Re: Advice on optimising php/db code in moodle2+

by Stuart Lamour -
Picture of Plugin developers

thanks again Ian,

as stated i'm good with optimising a system to run moodle, just after some help with understanding what all that php 'stuff' and db queries are about.

cheers

stuart

In reply to Ian McNaught

Re: Advice on optimising php/db code in moodle2+

by Andrew Lyons -
Picture of Core developers Picture of Moodle HQ Picture of Particularly helpful Moodlers Picture of Peer reviewers Picture of Plugin developers Picture of Testers

Thanks Ian, I agree entirely,

Another thing to note is that the level, depth, and breadth of the capabilities in Moodle far exceeds Joomla, Wordpress, or any other similar systems. I would imagine that this is one source of bottlenecking in Moodle.

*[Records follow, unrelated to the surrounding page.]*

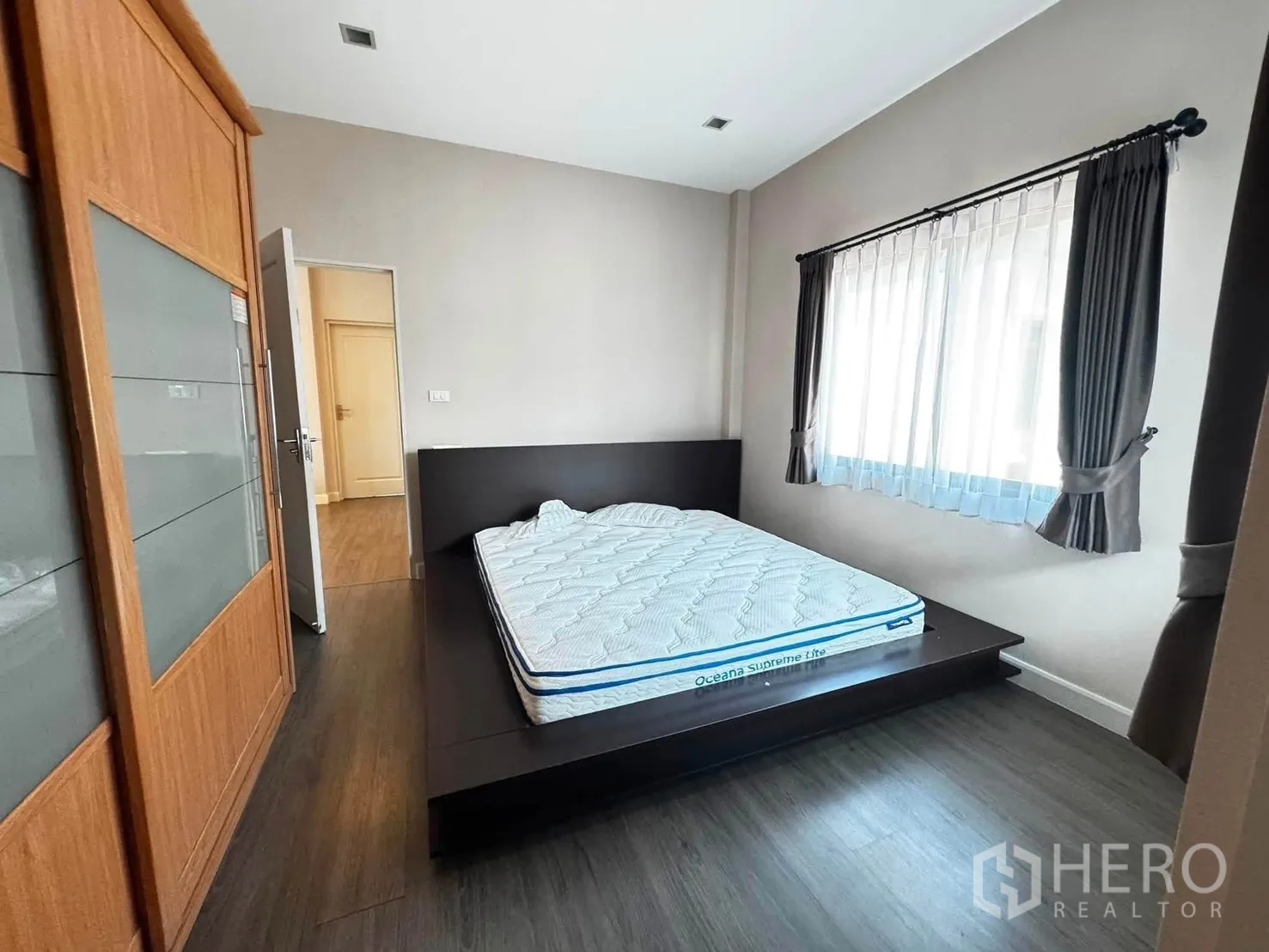 独栋房屋 for rent in Saphan Sung, Bangkok - 卧室配平台床、大衣柜与窗帘窗户。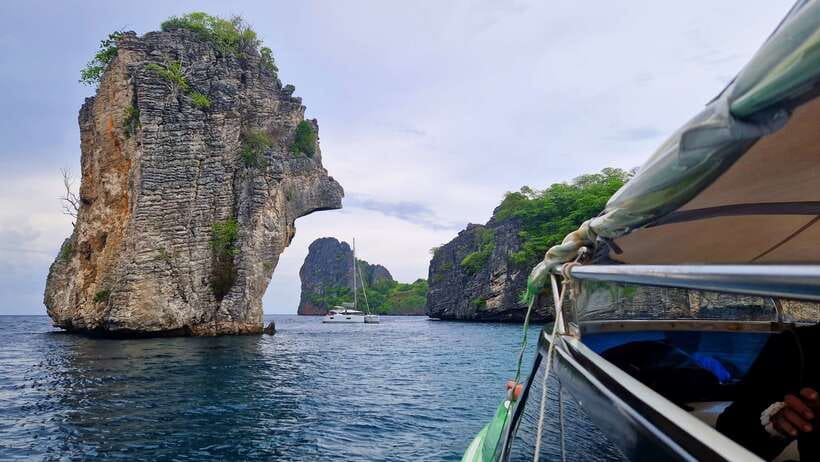 From Koh Lanta: Koh Haa & Koh Rok Snorkel Tour by Speedboat - Koh Rok Noi, the Strongest Snorkel Stop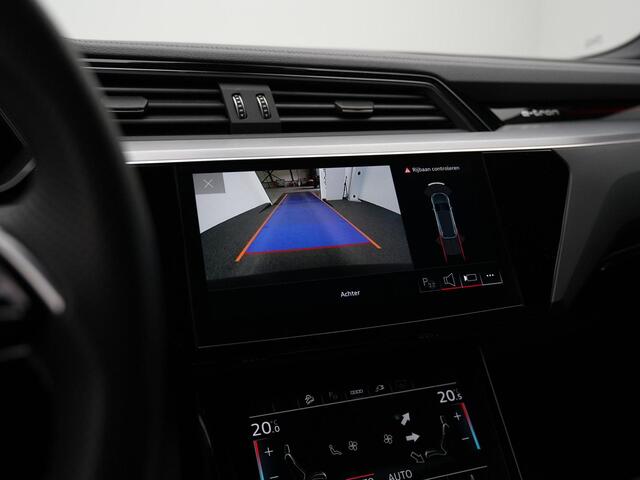 Audi Q8 e-tron 55 quattro Pro Line S 115 kWh 408 pk / S-Line | Panoramadak | Geheugenstoel | Matrix LED | Leder/alcantara | Achteruitrijcamera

As Ian says, they're incomparable systems.

Andrew

In reply to Stuart Lamour

Re: Advice on optimising php/db code in moodle2+

by Danny Wahl -

Hi Stuart,

I've been doing dev locally on my MBP for years now and I've always said "forget that noise" to the Moodle "guidelines" for setting up MAMP.

I use the native Apache, native PHP, and native (now) PostgreSQL databases.  I've found the switch in OS X from MySQL to Postgres to increase speed a bit.

Now, the thing that always slowed my machine to a crawl was the db and this became especially poignant on the switch from 1.9 to 2.x, so anecdotally I blame the db.  Seriously, setting up a new install I may as well push "start" and go get a cup of coffee and read a book.

I know this doesn't address your question really, but there is some validity to other people's questions.  e.g. is a 5400 RPM HDD really a valid benchmark platform for a database intensive app?  The slowdown inherited there from 1.9 is going to be amplified  in 2.x whereas a "true" server drive (iSCSI, 10,000RMP, SSD, etc...) the difference will be quite minimal.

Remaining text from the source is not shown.